Abstract

THIS ESSAY is a minute examination of a piece of criticism by Christopher Ricks of a short poem embedded in Tennyson's In Memoriam.' (We also allude to other works for purposes of comparison.) Our primary aim is to demonstrate the enormous logical richness, complexity-and, very often, the elusiveness-of many critical remarks. We shall argue that certain remarks are not only descriptive, but interpretative, evaluative, and that sometimes these elements can scarcely be separated. We shall show that the ways in which these elements are brought together varies in different remarks and that sometimes we cannot say precisely how they are conjoined. Moreover, we shall also try to show, in opposition to such philosophers as Weitz,2 that no monolithic claims can be made, e.g., about interpretative judgments that they are never true or false, or about descriptive ones that in principle they always are true or false; and against a large number of philosophers of criticism,3 that critical judgments often have a causal dimension.

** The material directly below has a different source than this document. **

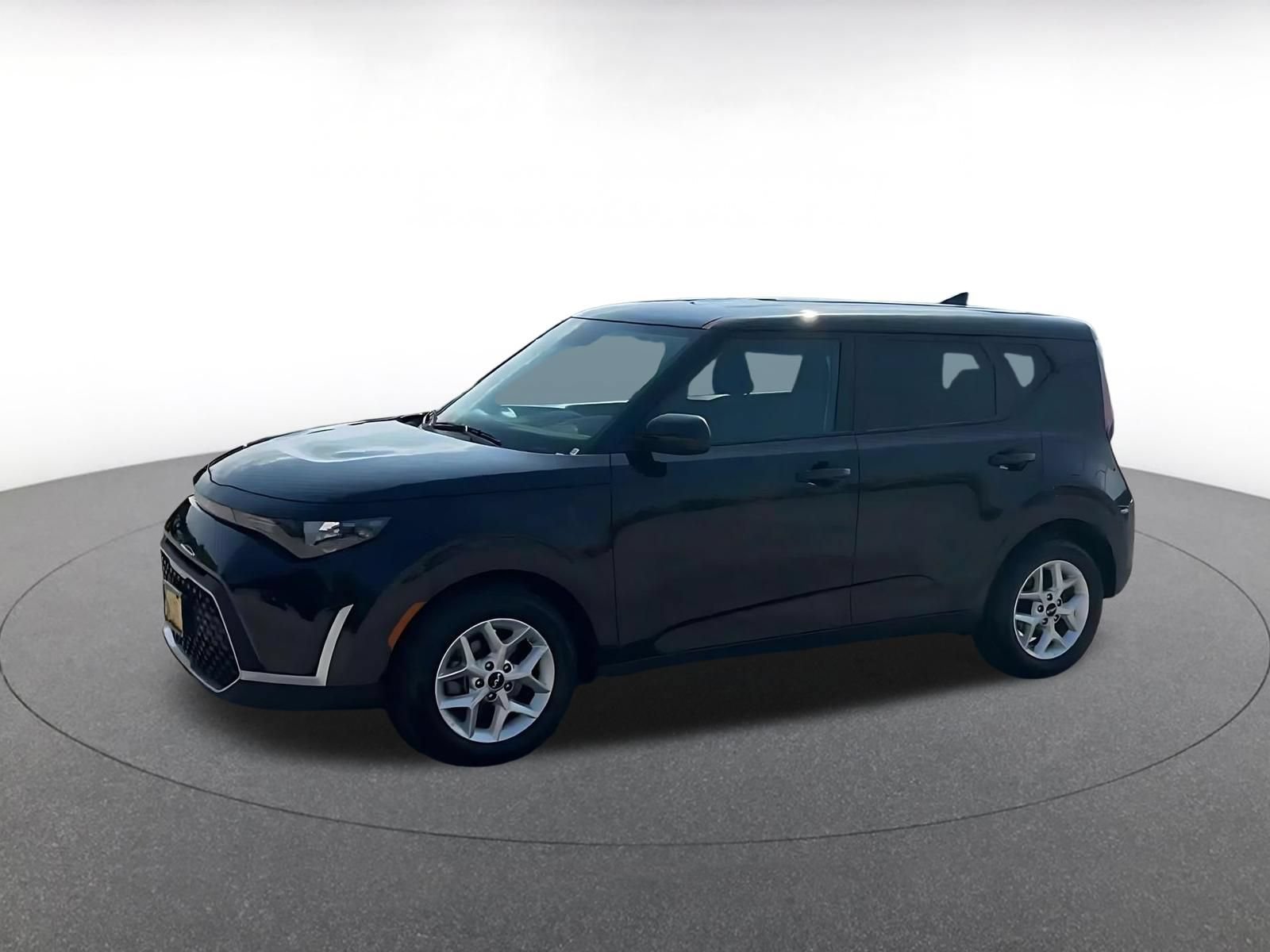 Used 2025 Kia Soul LX w/ LX Technology Package FWD image 8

We are especially interested in showing the points at which, and ways in which, critical remarks become untestable, and note that there is often little correspondence between the rhetoric of certain passages in this piece, in particular the tone of confidence adopted, and the problematic status of what is being claimed. This suggests that the author is not always aware of the dubiety of what he is saying, or is responding to a half-awareness with insistence. In either case we are left with the questions: is the interesting and sometimes persuasive remark made by the critic true, and how could we test this? And if this attitude sometimes seems inappropriate, why is this so? Our interest is in the nature and status of criticism as a discipline, and hence is epistemological. It is only indirectly critical; and perhaps we should explain that we have chosen this piece by Ricks because it seems a good representative example of contemrary English criticism; and also a good piece of criticism.